* **WORK TO COMPLETE**
Go through the listing and set it down exactly, leaving out its pictures.

* **INPUT DATA**

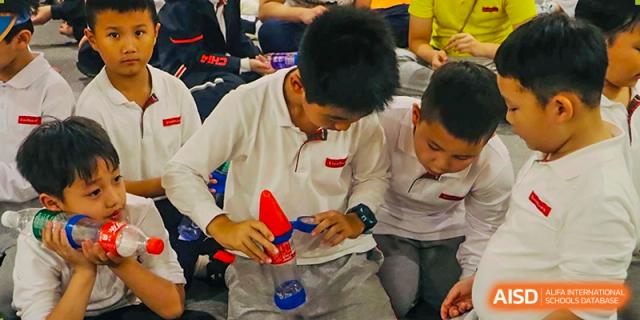 Two students from EtonHouse International School Nanjing working with wires and a small object.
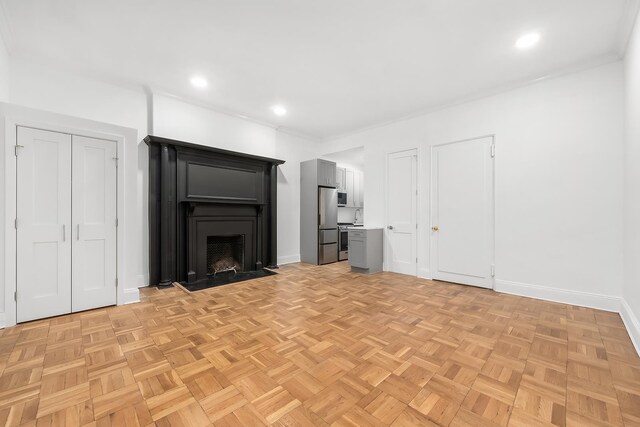 unfurnished living room with light parquet floors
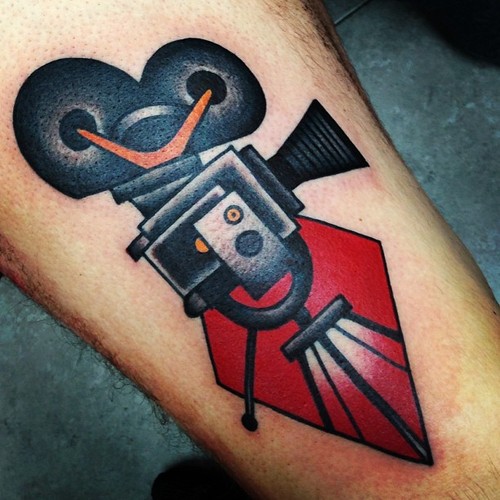 Colored Cinema Tattoo On Arm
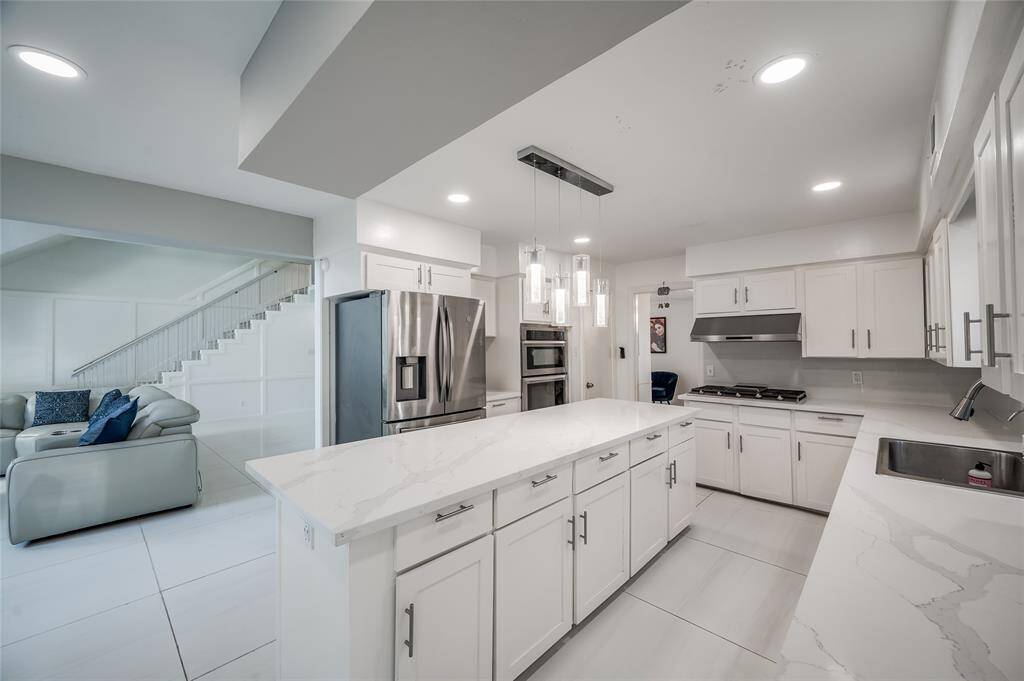The kitchen boasts modern appliances and ample counter space, while the adjacent breakfast area offers a cozy spot for casual dining and morning gatherings. This combined space fosters a welcoming atmosphere where family and friends can gather and enjoy time together, making it the heart of the home.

* **RESPONSE TO THIS TASK**
 Two students from EtonHouse International School Nanjing working with wires and a small object.
 unfurnished living room with light parquet floors
 Colored Cinema Tattoo On Arm
The kitchen boasts modern appliances and ample counter space, while the adjacent breakfast area offers a cozy spot for casual dining and morning gatherings. This combined space fosters a welcoming atmosphere where family and friends can gather and enjoy time together, making it the heart of the home.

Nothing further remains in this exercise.